İnsanlar ve bazı hayvanlar esner. Esneme, ağızı genişçe açıp, çene ve boyun kaslarını kasarak derin nefes alma olayıdır. Milattan öncesine dayanan araştırmalar, neden esnediğimizi çözememiştir. Hepsi birer teoriden ibarettir. Esnemeyi bu kadar gizemli yapan ise şüphesiz beyindir. Vücudumuzdaki en gizemli organ olan beyin, bu konuda araştırmacılara bilgi vermekten kaçınmıştır.
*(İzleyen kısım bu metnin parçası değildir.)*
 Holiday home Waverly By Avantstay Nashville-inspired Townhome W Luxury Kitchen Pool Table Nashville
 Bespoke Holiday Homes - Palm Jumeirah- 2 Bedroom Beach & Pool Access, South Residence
Esneme, genellikle uykumuz geldiğinde veya yorulduğumuzda gerçekleşir. Fakat, başkasının yanımızda esnemesi, esneyen birini görmemiz veya esnemeyle ilgili birşey okumamız bile esnemeyi tetikler.(Bu yazıyı okurken de esnediğinize eminim)
Hakkında en az bilgi sahibi olduğumuz, en yaygın insan davranışı olarak nitelendirilen esnemenin sebebi kanıtlarla bilinemese bile, ortaya atılmış birden fazla teori vardır.
Esneme ile İlgili Teoriler
Esnemeyle ilgili ortaya atılan birkaç teori var.
Kalıtımsal Bir Davranış
Bazı bilim adamları atalarımızın, esneyerek karşısındakini korkuttuğunu düşünmektedir.
Vücudun Oksijen İhtiyacı İçin
Bu teoriye göre, esnemenin amacı, vücuda daha fazla oksijen alıp, karbondioksit atmak içindir. Grup içerisinde esnemeyi kısmen açıklayabilir. Fakat egzersiz yaparken de esniyor olabilmek, bu tezi çürütmektedir.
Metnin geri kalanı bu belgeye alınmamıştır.